There are a few things I’ve learned from my time with Psych Yourself. The first is that not every trailer requires dubstep. The second is that actual psych tests do not a game make. Sure, the results can be enlightening, and the tests themselves intriguing, but in the end, to anyone besides a psych major or maybe Temperance Brennan, it’s nothing more then a diversion.
Psych Yourself will attempt to convince you otherwise, and it does a decent job, with an interface that is simple to manage, and easy to explore. Its main attractions are three self tests, covering creativity, emotion (actual emotion, not David Cage Pixel-motion), and perception, with each of those split into three themed mini-tests.
Available once per day, these tests are designed, scientifically at that, to give you a glimpse into how you perceive the world. Creativity tests, like Social Stereotype, present you with pictures of various professional garb on a blacked out mannequin, and then ask you to determine whether the person holding the job is smart, weak, strong, brave, or unkind. The Emotion tests reminded me of the show Lie to Me, with pictures/gifs of people “emoting” flashing by as it asks what I think they’re feeling.
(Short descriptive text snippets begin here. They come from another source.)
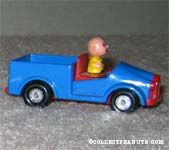 Charlie Brown in Blue Truck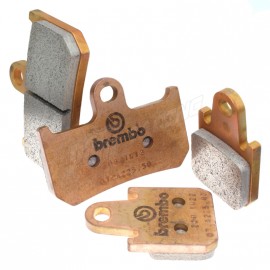 Brembo Z04 Pure Racing-Bremsbeläge für Typ G 6 Kolben Bremsattel (vorne) R1 | MT-01 | V-Max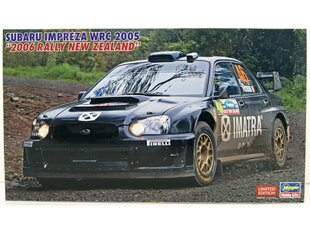 Konstruktorius Hasegawa - Subaru Impreza WRC 2005 "2006 Rally New Zealand", 1/24, 20506 kaina ir informacija | Konstruktoriai ir kaladėlės | pigu.lt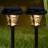 Solar Powered Integrated LED Pathway Light Pack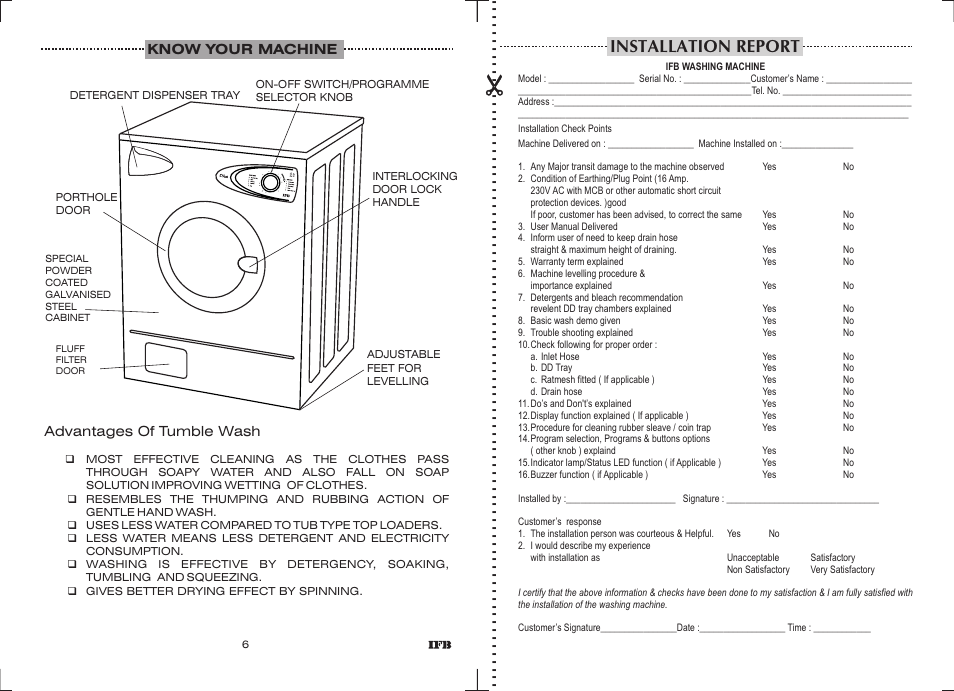 IFB Appliances Diva WT DIV B User Manual | Page 4 / 16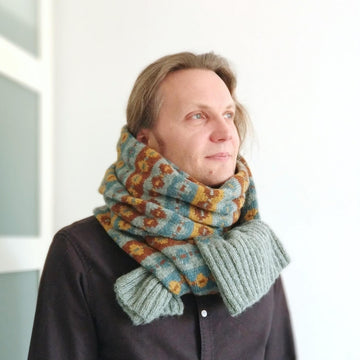 SOOMAA Fair Isle Scarf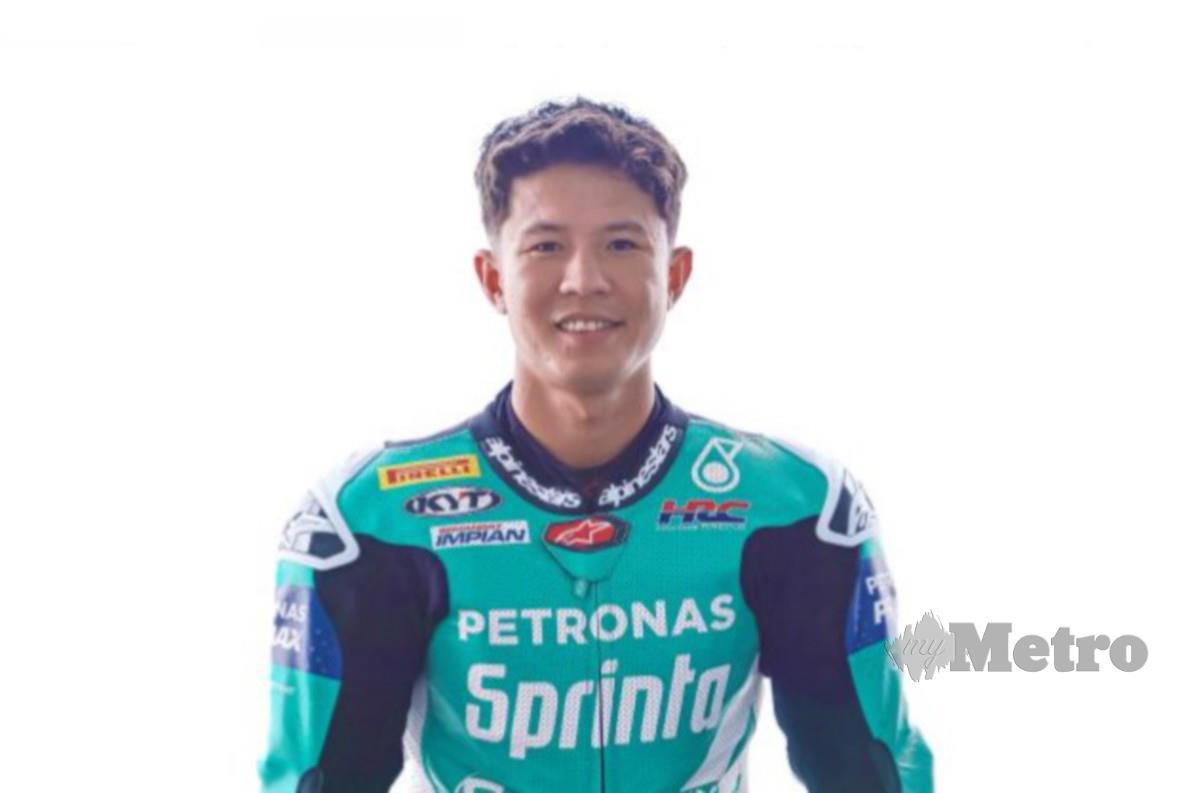 KHAIRUL ketika ini cemerlang memimpin kelas SS600 di Kejuaraan Motosikal Asia (ARRC) dengan mengumpul 163 mata.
Much like a Rorschach test, you’re supposed to follow your instincts, letting them guide you to what you think is the correct answer quickly and without regret. For some tests, this is easy, as the “game” presents you with a brief tutorial, giving the rules of the test you are about to take before initiating the timed exam. For others, like the facial emotion test, where there is a “correct” answer, I found it quite difficult, as I wanted to sit and study the faces for the correct emotion, and I often found myself hurried as I raced against a clock.
The faces portion also suffers from being almost unbearably long. Each test only takes a few minutes to complete, but the emotion tests, filled with moving faces, seemed both awkward and overly lengthy, to the point of being uncomfortable.
Once finished with the tests, Psych Yourself delivers your results in the manner of a generalized, pre-constructed response. It reminded me of a cold read, or the kind of glaringly general information parsed from a book about birthdays or numerology, telling you what your personality should be like based on nothing more then the answers provided.
As a one off quick look as it were, the read-throughs are entertaining fluff, filled with the kind of easy-on-the-mind, quick-to-latch-on-to language that’s simple to parse, digest, and understand. “You only need a couple of moments to tell if a companion is angry and not t0o happy, or interested and not proud.” Sure that sounds like me. “We would hesitate to sit down and play poker with you!” I wouldn’t. I am actually a pretty poor gambler, as I tend to place far to much on the chance something will happen rather then try to figure out the actual numbers behind why it won’t.
It’s in these answers that the game portion of Psych Yourself starts to unravel. These snippets of intended psycho-analysis are meant to describe you, and they’re told in such a way that develops, as best as a mechanical thing that measures empirical data can, a picture of you that is accurate and complete.
So when Psych Yourself presents you with a training mode to practice these tests, it changes what appeared to be a personality profile into nothing more then a series of tests you can study for, thereby erasing any real semblance of self from the preceding psycho-graphs. Add to this a library of scientific texts set up like web pages to help you get to the right answer and this quickly turns from a game into intro college course. Sure it’s optional, but at this point, you paid money for a “game” that was advertised like this and not for a crash course through Psych 101.
Psych Yourself also offers some social features, adding a simple test that allows you to analyze yourself and your friend friends. In a move reminiscent of every Facebook game ever created, you are encouraged to send messages to the friends you’ve analyzed, letting them know through the PS3’s message system that you’ve judged them and would like the to purchase Psych Yourself so they can see what you said, and then summarily judge you as well.
Am I being a little bit harsh? Probably. But when you’re based off of 2011’s Test Yourself: Psycology series, which measured things that were actually measurable rather then basing empirical data off of some very subjective ideas, I think a little harsh talk is in order. Claiming to let people in on their own psyche, while simultaneously offering a path, and trophies, based around changing those results, is off-putting at best. At worst, it’s just downright dumb.
For $6.99, Psych Yourself doesn’t ask for much, and it doesn’t give a whole lot in return either. For someone interested in the science behind things like perception and emotion, it could be a useful tool, if you are willing to dig into the provided library and spend time putting those words into action. For most though, it’s worth a look about as much as those huge birthday predictor omnibuses seen on the shelf of your local Barnes and Noble. It’s fun to flip through, but not nearly entertaining or worthwhile enough to buy.